Gläubigerschutz abgelegt
US-Fliegern gelingt Comeback

Nach sechs schweren Jahren mit hohen Verlusten und zahlreichen Konkursanträgen meldet sich die US-Luftfahrtindustrie in schlankerer Form zurück. Nach US Airways und United Airlines hat zu Wochenbeginn auch die drittgrößte US-Fluglinie Delta Air Lines den Gläubigersschutz des US-Konkursrechts verlassen.

NEW YORK. Northwest Airlines will sich in einigen Wochen ebenfalls aus den Fängen des Konkursgerichts befreien und wird in der Branche als künftiger Fusionspartner von Delta gehandelt. Beide Airlines arbeiten bereits im von Air France-KLM angeführten Flugverbund Skyteam zusammen und verfügen über ein weitgehend komplementäres Streckennetz.

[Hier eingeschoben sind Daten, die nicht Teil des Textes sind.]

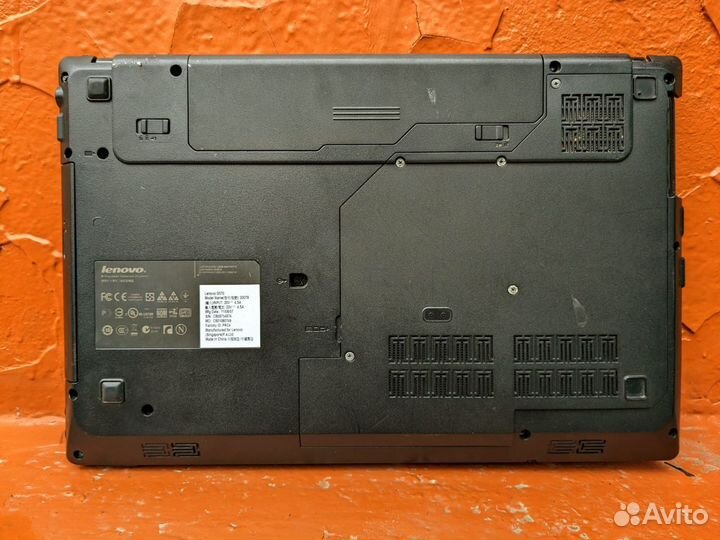 Ноутбук Lenovo G570(i3-2310,ssd)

Delta Air Lines sei nach 19-monatiger Sanierung ein „starker Wettbewerber“ und gut positioniert für eine neue Ära der Firmengeschichte, teilte der Konzern mit. Das Unternehmen aus Atlanta hat zuletzt vier Quartale in Folge operativ positiv abgeschlossen; zwischen Januar und März 2007 schaffte Delta 155 Mill. Dollar Betriebsgewinn. Wegen hoher Restrukturierungskosten wies Delta im Vorjahr noch 6,2 Mrd. Dollar (4,6 Mrd. Euro) Nettoverlust aus.

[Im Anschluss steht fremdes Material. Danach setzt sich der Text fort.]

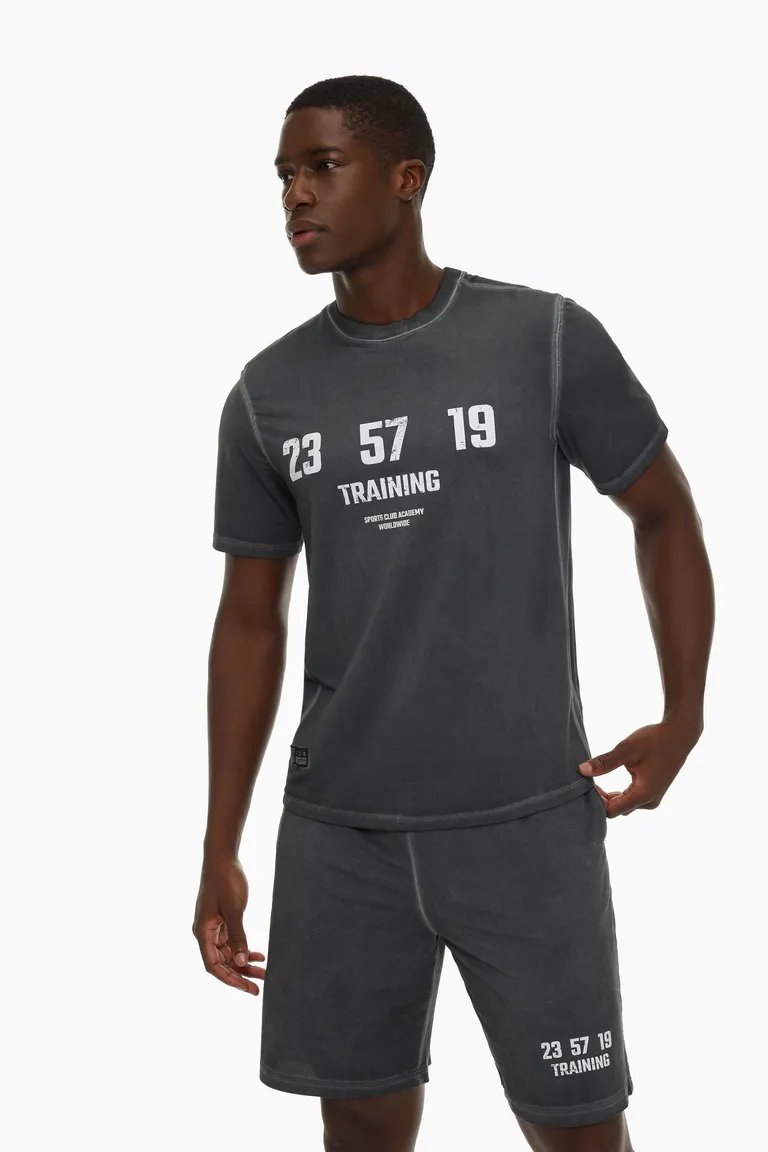 Remera deportiva efecto lavado de Lefties en Remeras y Polos para argentina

Konzernchef Gerald Grinstein, der im Laufe des Jahres in den Ruhestand gehen will, hat dem Unternehmen eine strenge Diät verordnet und insbesondere die Überkapazitäten im US-Heimatmarkt gekappt. Viele große Flugzeuge wurden aus dem Inlandsverkehr abgezogen und statt dessen auf Interkontinentalstrecken nach Asien oder Europa geschickt, etwa nach Mumbai, Seoul oder Düsseldorf. Einst zu 80 Prozent auf die USA fokussiert, könnten internationale Strecken in den nächsten Jahren 40 Prozent des Geschäfts ausmachen, sagte Delta-Vorstand James M. Whitehurst. Der erst 39 Jahre alte Chief Operating Officer gilt neben Finanzchef Edward Bastian, 49, als Favorit auf die Grinstein-Nachfolge.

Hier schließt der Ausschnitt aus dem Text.